# York Höller



## Morimur

Composer's Website:
http://www.yorkhoeller.de/english.html

*York Höller* (born 11 January 1944 in Leverkusen) is a German composer and Professor of composition at the Hochschule für Musik Köln.



> Between 1963 and 1970 Höller studied at the Cologne Musikhochschule: composition with Joachim Blume and Bernd Alois Zimmermann, piano with Else Schmitz-Gohr and Alfons Kontarsky, and orchestral conducting with Wolfgang von der Nahmer. In parallel to this he studied musicology and philosophy at the University of Cologne. He did further musical studies at the Internationale Ferienkurse für Neue Musik in Darmstadt with Pierre Boulez, and in 1967 sat his examination in music education.
> 
> Höller was active for a short time as a répétiteur at the Staatstheater Bonn. At the Electronic Music Studio of WDR in 1971-72, he "continued his studies with Karlheinz Stockhausen" (Stenzl 1991, 12) or, alternatively, "was given the chance, at Stockhausen's invitation, to realize works of his own" (Lichtenfeld 2001). In any case, the technique he developed at this time-a form of extended serialism which he calls "Gestalt composition"-bears a resemblance to the older composer's formula composition (Stenzl 1991, 12-15; O'Súilleabháin 1992), and in 1982 Höller dedicated his orchestral work Schwarze Halbinseln to Stockhausen (Blumröder 1983, 15/30). He quickly gained international recognition with his works. From the mid-1970s Höller also composed at the Paris research institute IRCAM, where Pierre Boulez had invited him, and in 1989 his opera Der Meister und Margarita (after the novel of the same name by Mikhail Bulgakov) was premièred at the Grand Opéra.
> 
> From 1986 to 1990 Höller was lecturer in analysis and music theory at the Musikhochschule Köln.
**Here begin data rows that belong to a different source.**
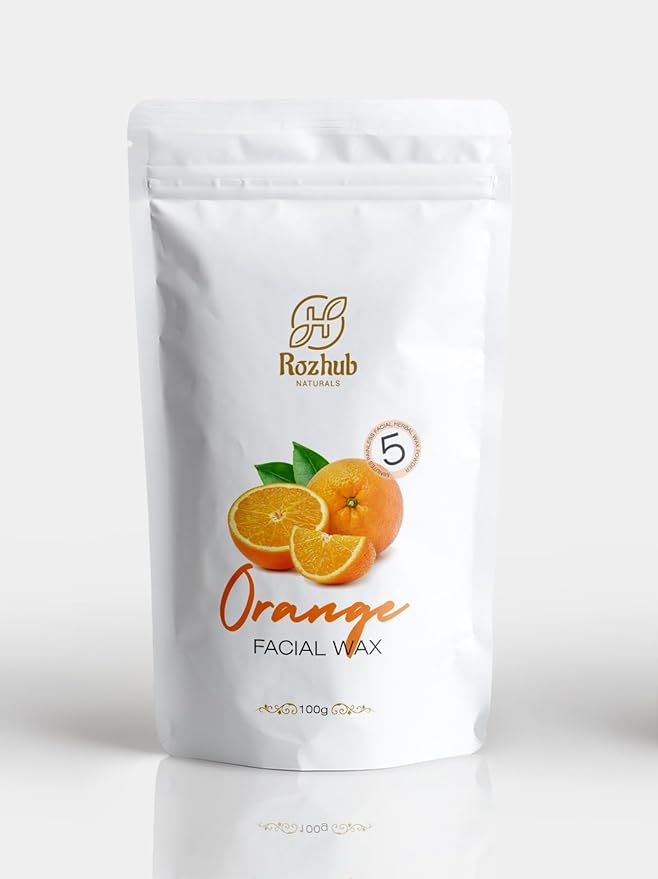 Rozhub Naturals Orange Peel Facial Wax Powder - Brighten Your Skin with Zesty Smoothness - 100g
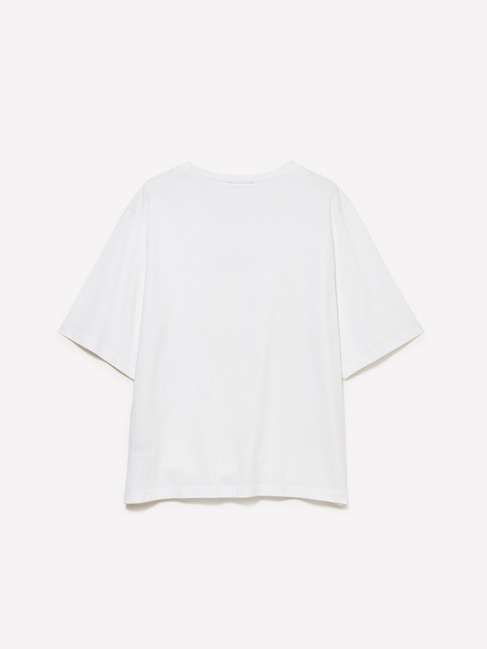 Жіноча біла футболка Sisley артикул 3I1XL107Y 101 25A Фото ракурс 6 - Жіноча біла футболка Sisley артикул 3I1XL107Y 101 25A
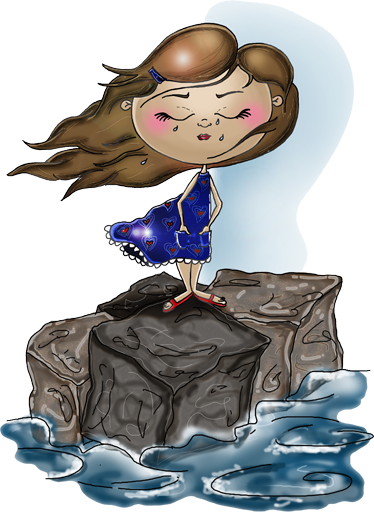 Tapete vinílico criança menina no mar - TenStickers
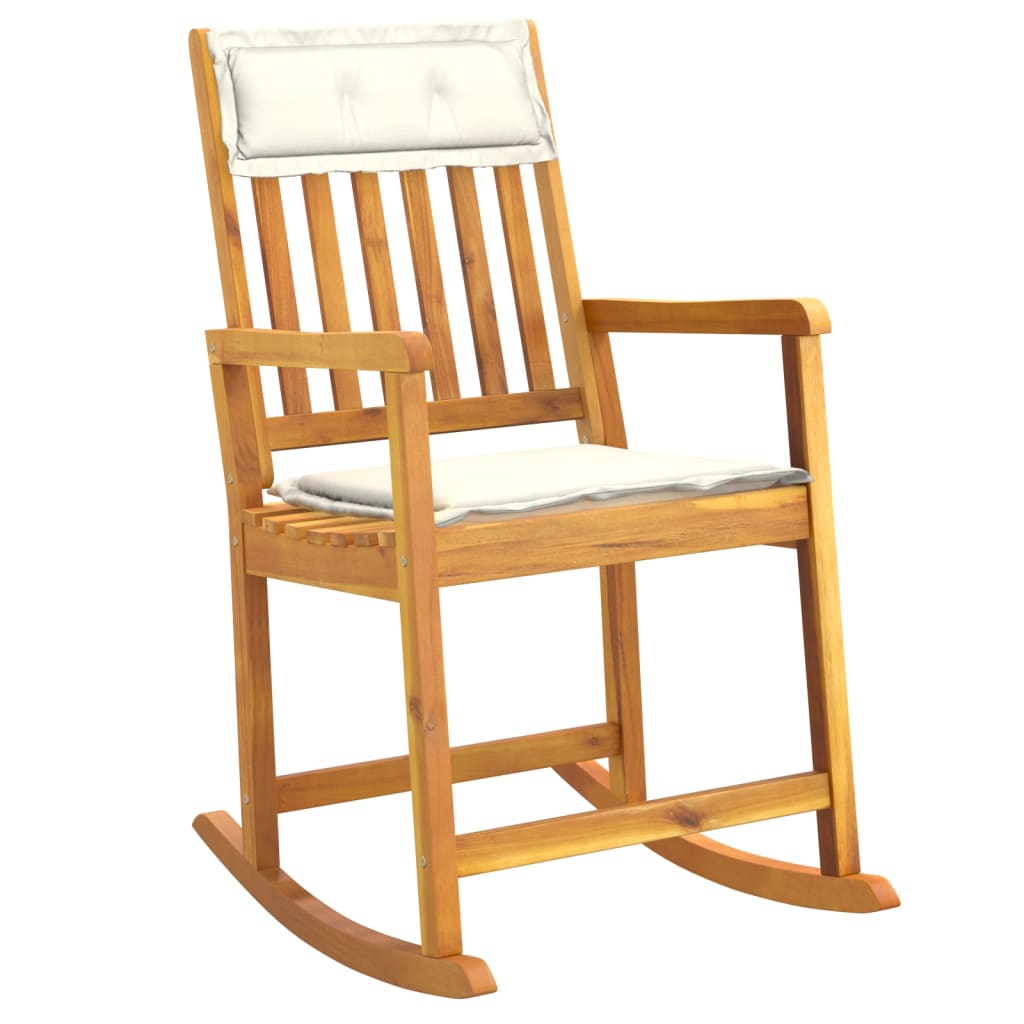 Rocking Chair with Cushions Solid Acacia Wood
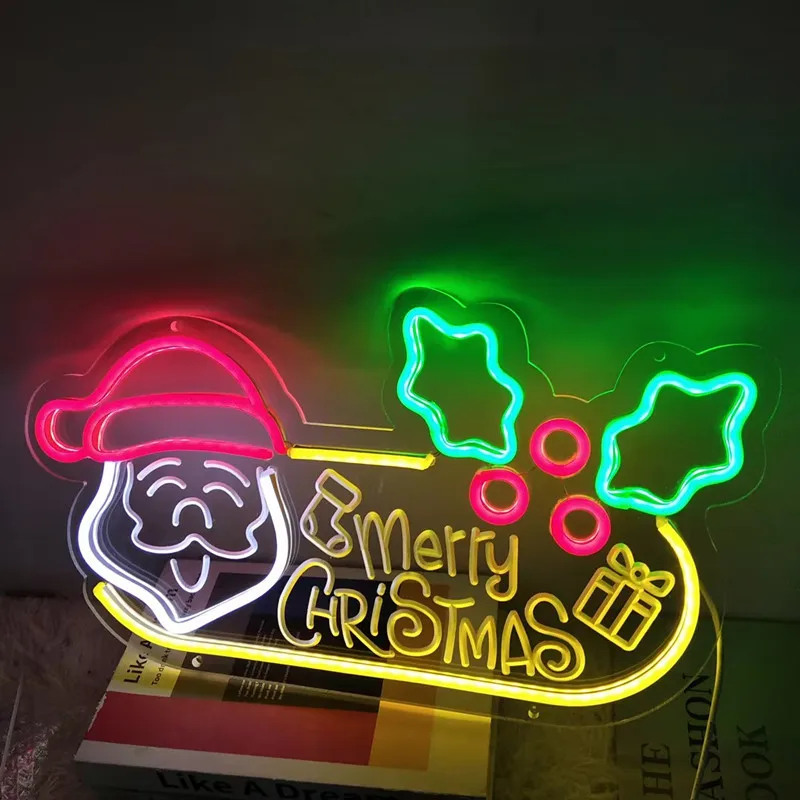 Merry Christmas Neon Led Sign Christmas Tree Elk Santa Claus Night Lights Kids Bedroom Decoration Party Bar Wall Decor Neon Gift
Subsequently he succeeded Stockhausen as artistic director of the WDR Studio for Electronic Music from 1990 to 1999. In 1993 he accepted a call to the Hochschule für Musik Hanns Eisler in Berlin as professor of composition. As a successor to Hans Werner Henze he moved in 1995 in this same capacity to the Cologne Musikhochschule. In addition, Höller has presented lectures and held composition courses at many European and American colleges. Since 1991 York Höller has been a member of the Akademie der Künste in Berlin. -Wikipedia


----------



## starthrower




----------



## dgee

I think this disc is worth checking out - colourful and exciting orchestral music:









Also, his opera "The Master and Margarita" has some great musical moments (and some interesting references and borrowings!) but is a bit tough to just listen to - especially for me as it is in German. His piano music is solid

Lots on Spotify - explore!


----------